Management of Human and Organizational Error in Operations of Marine Systems
The source of a majority (more than 80%) of high-consequence marine accidents can be attributed to compounded human and organizational errors (HOE). Recent examples include the Exxon Valdez tanker grounding (258,000 barrels of oil spilled), and the Occidental Piper Alpha platform explosions and fires (167 men killed). Currently, there is no structured quantitative approach to assist engineers, operators, and regulators of marine systems to either design HOE tolerant systems or to include considerations of HOE as an integral part of the design, construction, and operation of marine systems. The human element has generally been ignored.
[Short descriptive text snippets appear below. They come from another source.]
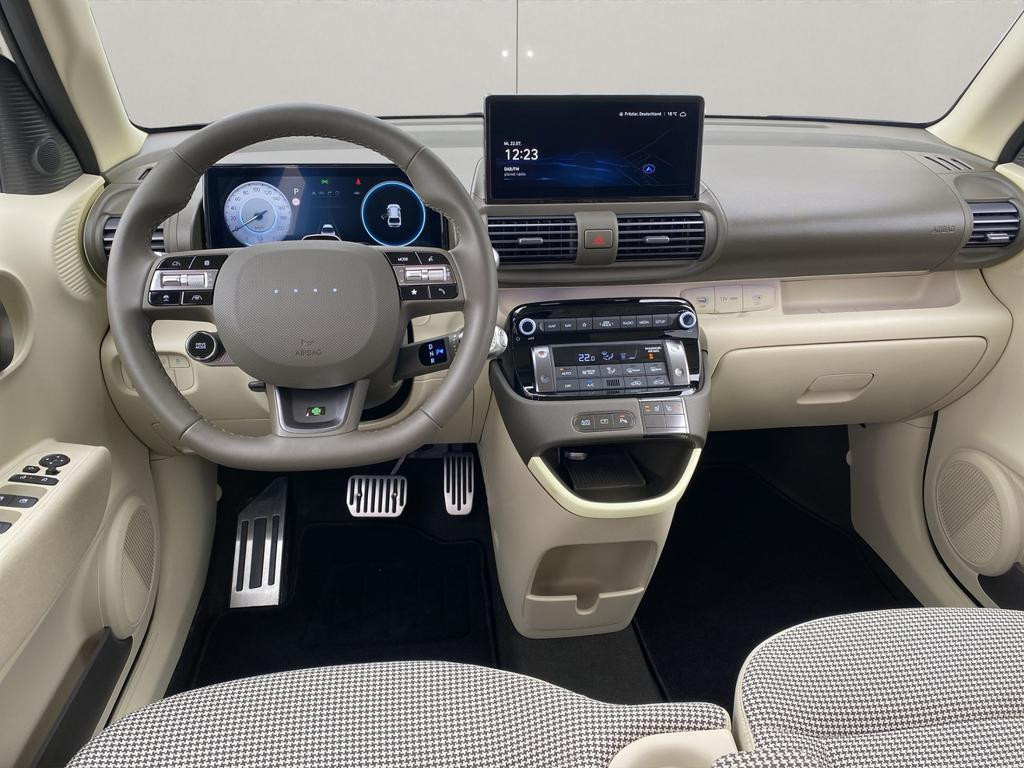 Hyundai INSTER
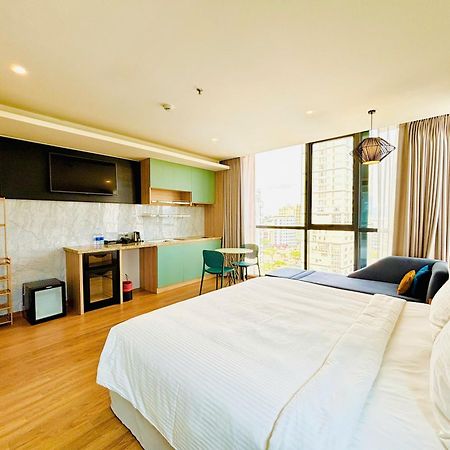 Nam Hotel & Residences Da Nang Exterior foto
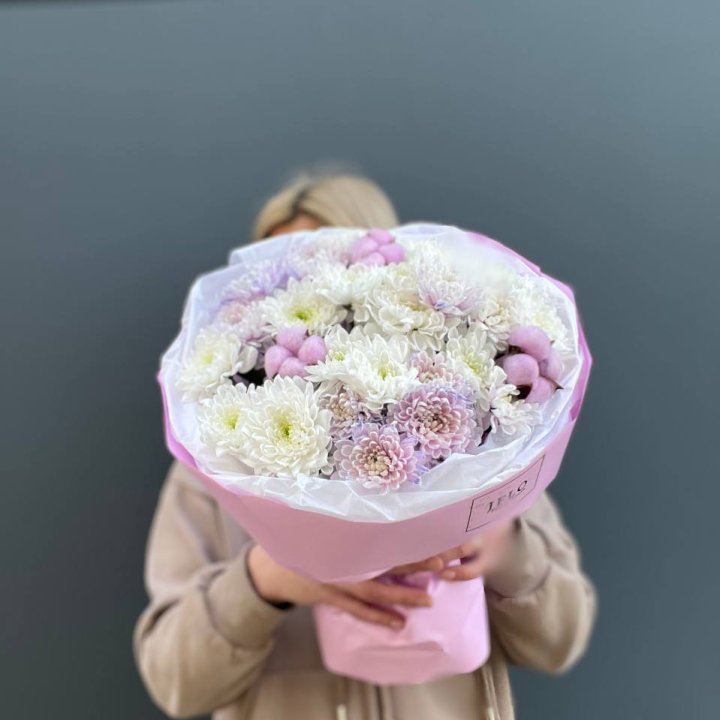 7 нежных хризантем в Орле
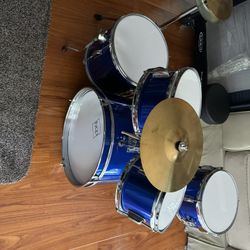 Complete Children’s drum set 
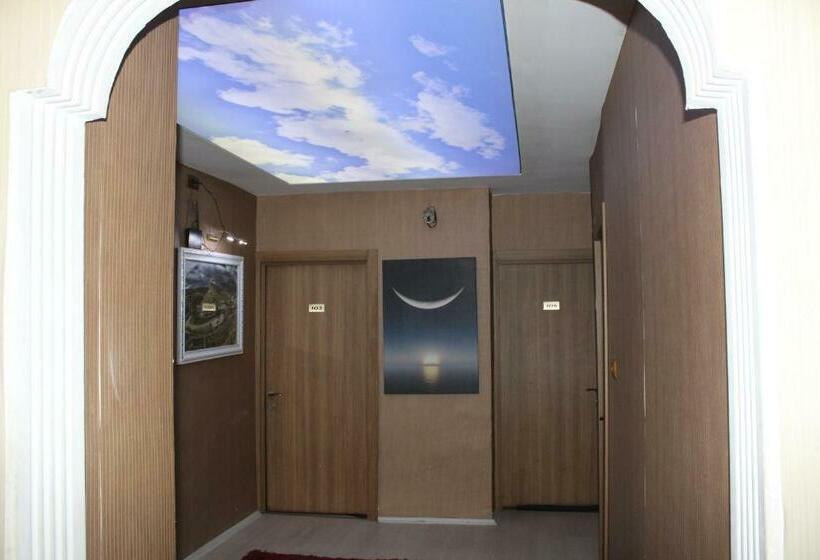 اتاق لوکس, Kars Konak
The objective of this dissertation is to introduce a quantitative modeling methodology to assess the impacts of HOE in operation of tankers and offshore platforms. This methodology includes a systematic approach to structuring critical elements that lead to accident scenarios and a quantitative modeling procedure to assess the impacts of operational risks under various operating conditions that can lead to these scenarios.
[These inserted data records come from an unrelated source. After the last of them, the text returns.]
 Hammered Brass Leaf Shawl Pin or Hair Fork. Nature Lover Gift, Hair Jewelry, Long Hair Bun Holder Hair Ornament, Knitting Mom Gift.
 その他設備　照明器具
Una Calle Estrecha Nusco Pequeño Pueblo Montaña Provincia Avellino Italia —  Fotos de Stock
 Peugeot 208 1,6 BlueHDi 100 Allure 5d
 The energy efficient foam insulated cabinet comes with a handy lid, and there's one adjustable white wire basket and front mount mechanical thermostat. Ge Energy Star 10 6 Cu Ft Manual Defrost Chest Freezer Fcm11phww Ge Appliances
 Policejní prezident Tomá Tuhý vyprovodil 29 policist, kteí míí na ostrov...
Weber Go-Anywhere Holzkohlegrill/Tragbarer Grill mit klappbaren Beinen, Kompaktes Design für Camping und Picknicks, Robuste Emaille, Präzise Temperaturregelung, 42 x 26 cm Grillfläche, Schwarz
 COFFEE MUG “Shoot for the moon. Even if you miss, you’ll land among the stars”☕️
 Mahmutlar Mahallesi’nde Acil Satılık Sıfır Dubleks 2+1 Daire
The modeling methodology incorporates structuring accident scenarios into underlying, direct, and compounding factors. Diagrammatic representations of the unique factors leading to accident scenarios using influence diagrams are proposed. The diagrams are used to develop simplified general "templates" for that particular class of accident. The function of the templates are to form a basis that preserve the central causative mechanisms for a similar operation, yet do not preserve the unique aspects of the disaster being modeled.
Insufficient and unreliable data linking complex effects of human errors to marine casualties has led to limitations in quantitative human error modeling. A quantitative measuring technique, the Human Error Safety Index Method (HESIM), has been proposed that measures organizational, task and system complexities, and environmental factors that affect operators abilities to perform decisions and actions to mitigate or aggravate accident events. These measurement techniques rely upon judgments and experiences of those familiar with the operations being modeled and objective data to formulate a "safety index". A methodology for coiiection of the objective data, the Human and Organizational Error Data Quantification System (HOEDQS), is also proposed. The HOEDQS allows updating of human errors such that there becomes a greater reliance upon objective data and less upon the judgmental indexing procedure.
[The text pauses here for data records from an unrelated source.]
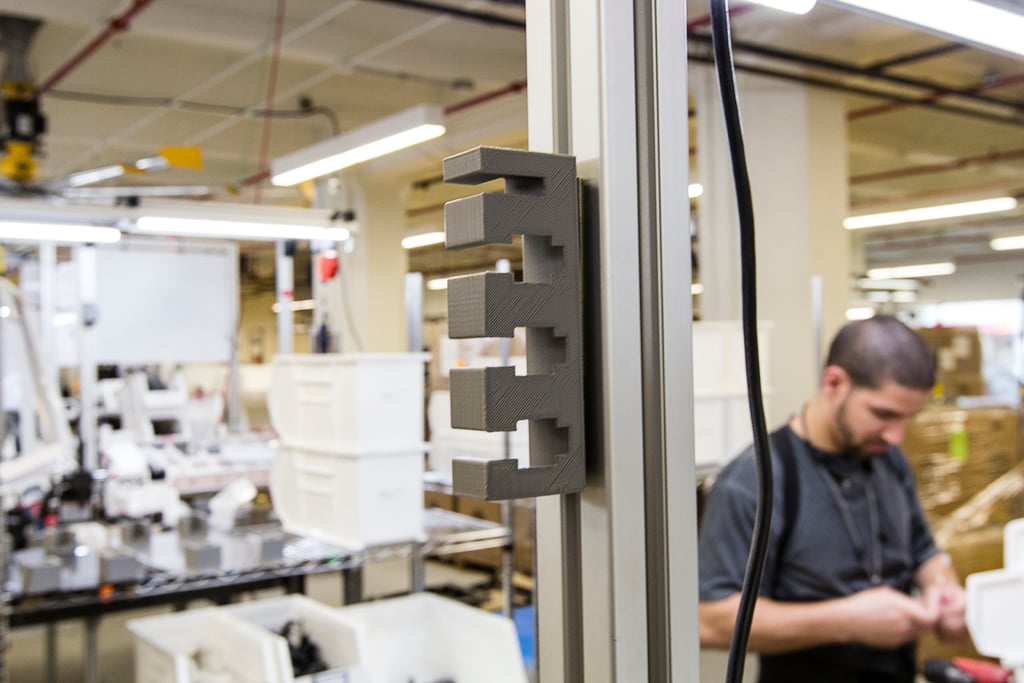Soporte de cable para 80/20 y marcos Bosch Rexroth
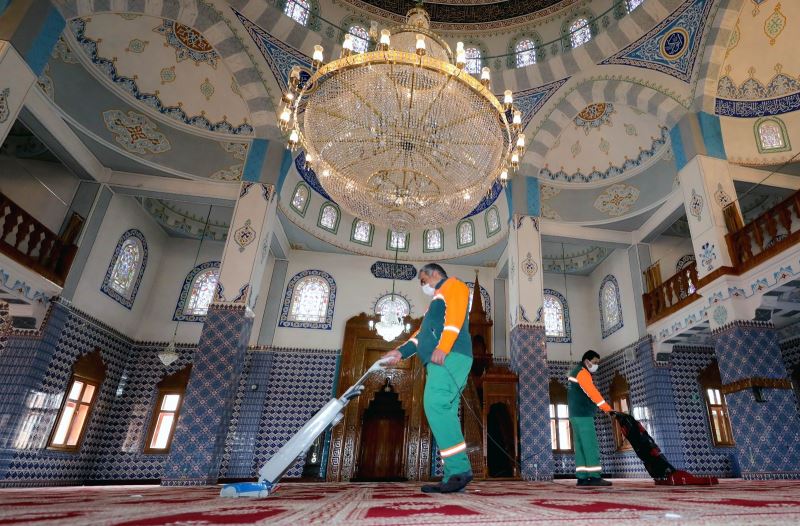 Çankaya’da camilere Ramazan temizliği
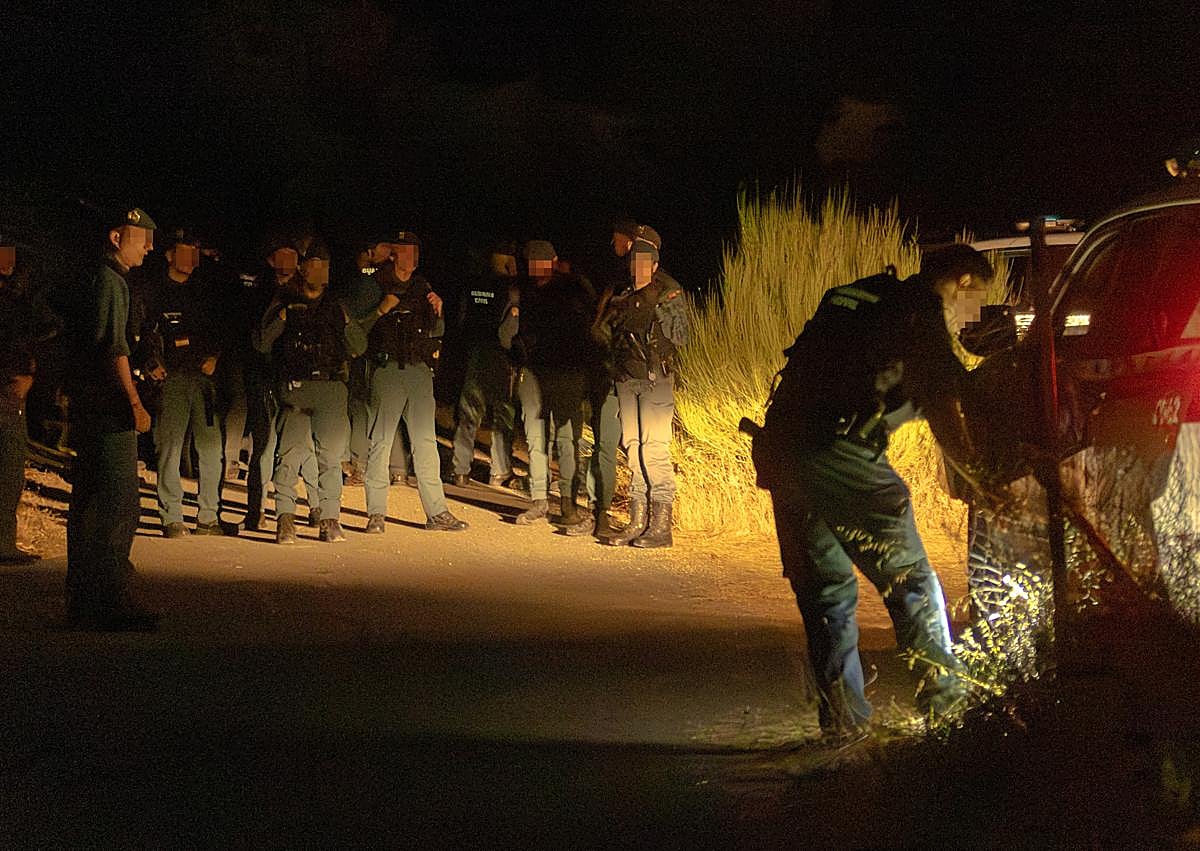 Imagen secundaria 1 - Fue una larga jornada en la que, finalmente, tanto la rehén como el secuestrador salieron con vida.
Two marine casualties were identified as case study examples for confirmation of the modeling procedures: the Exxon Valdez and Piper Alpha disasters. These casualties were selected because of the quality, completeness, accessibility, and availability of information related to the accident events. The unique aspects of each disaster are modeled and templates are developed. Quantitative analyses were performed on each operation to confirm that high risk levels were measured conditional upon the operating factors for each disaster. The results from this dissertation will be of interest to engineers, operators, managers, and regulators concerned with preventing and mitigating the effects of HOE to increase safety of marine systems.